[Given information — start]
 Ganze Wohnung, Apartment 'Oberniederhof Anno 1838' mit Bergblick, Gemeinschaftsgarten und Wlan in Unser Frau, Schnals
[Given information — finish]
[Given information — start]
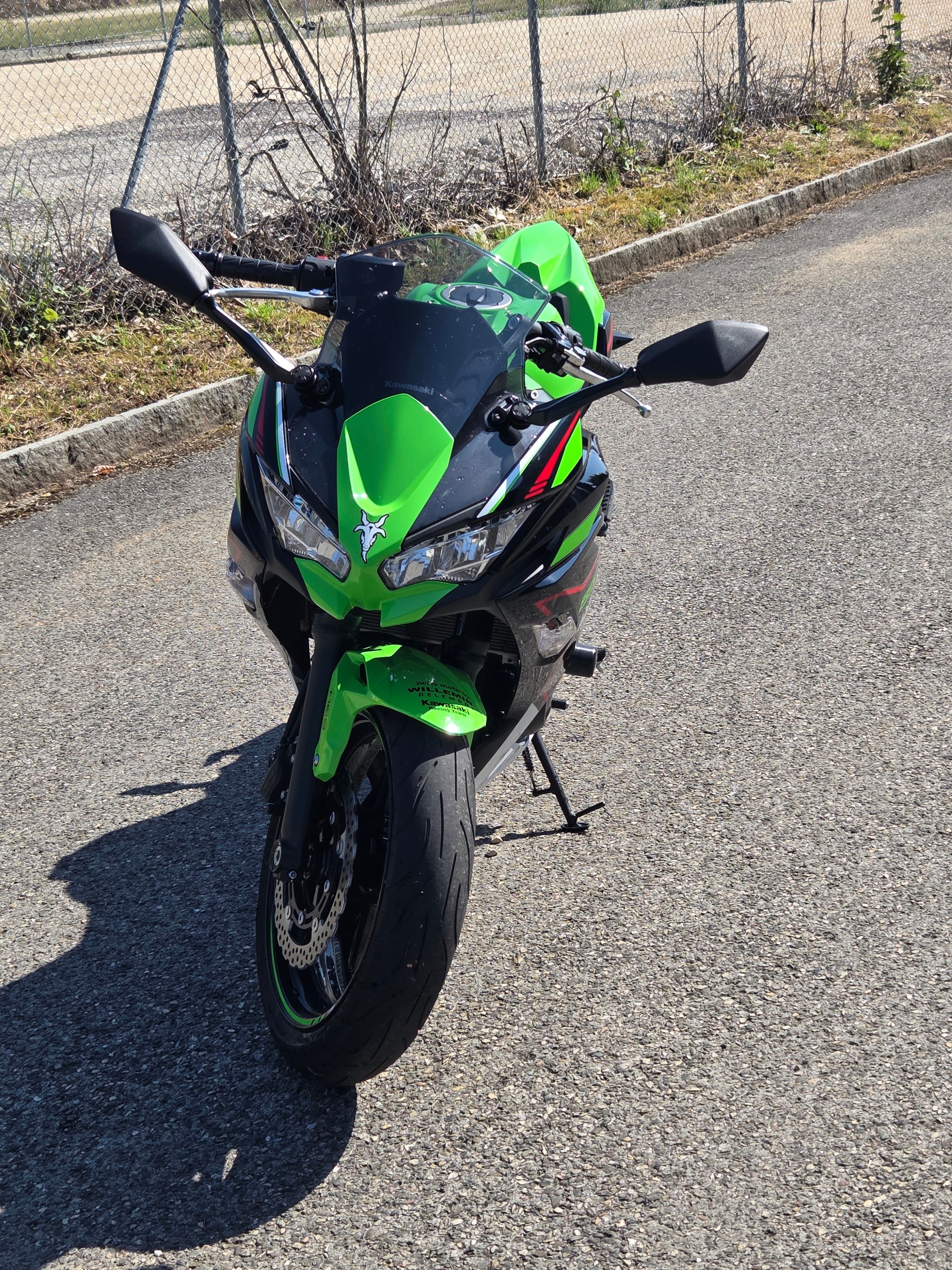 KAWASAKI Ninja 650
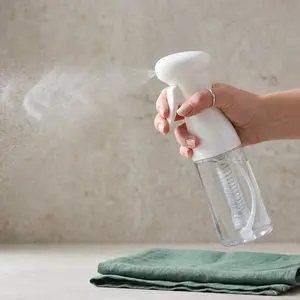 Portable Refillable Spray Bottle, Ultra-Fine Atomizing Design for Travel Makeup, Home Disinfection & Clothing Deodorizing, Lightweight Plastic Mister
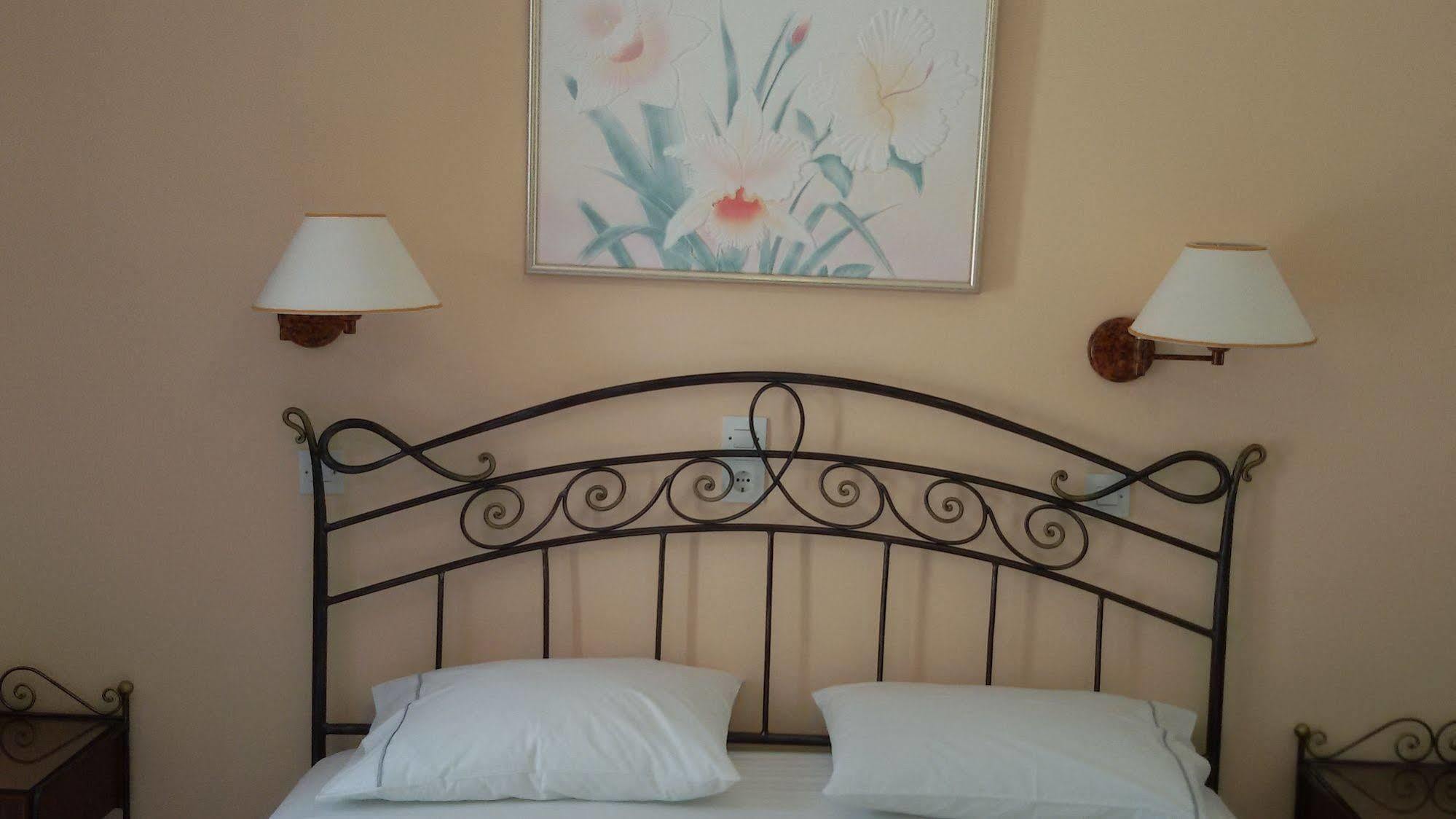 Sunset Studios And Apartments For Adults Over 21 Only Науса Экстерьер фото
[Given information — finish]
[Given information — start]
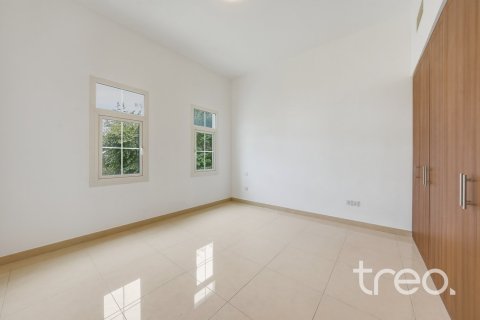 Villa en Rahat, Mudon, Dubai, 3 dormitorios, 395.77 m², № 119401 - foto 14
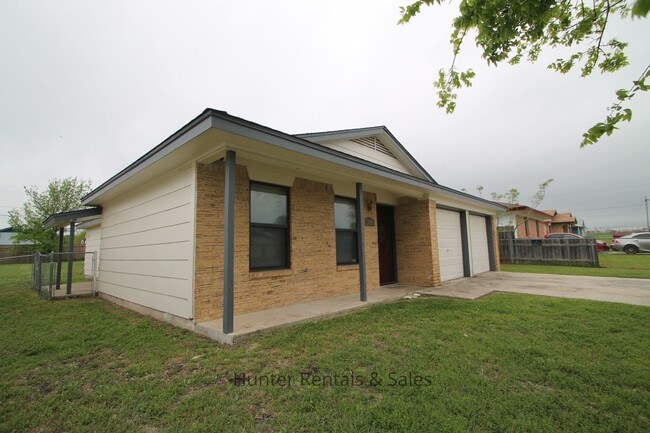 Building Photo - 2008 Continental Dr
[Given information — finish]
Given the records above, return the lines starting at the one that holds "Villa en Rahat, Mudon, Dubai, 3" and ending at the one that holds "Building Photo - 2008 Continental Dr", exactly, and nothing besides; leave every picture out.

Answer box:
 Villa en Rahat, Mudon, Dubai, 3 dormitorios, 395.77 m², № 119401 - foto 14
 Building Photo - 2008 Continental Dr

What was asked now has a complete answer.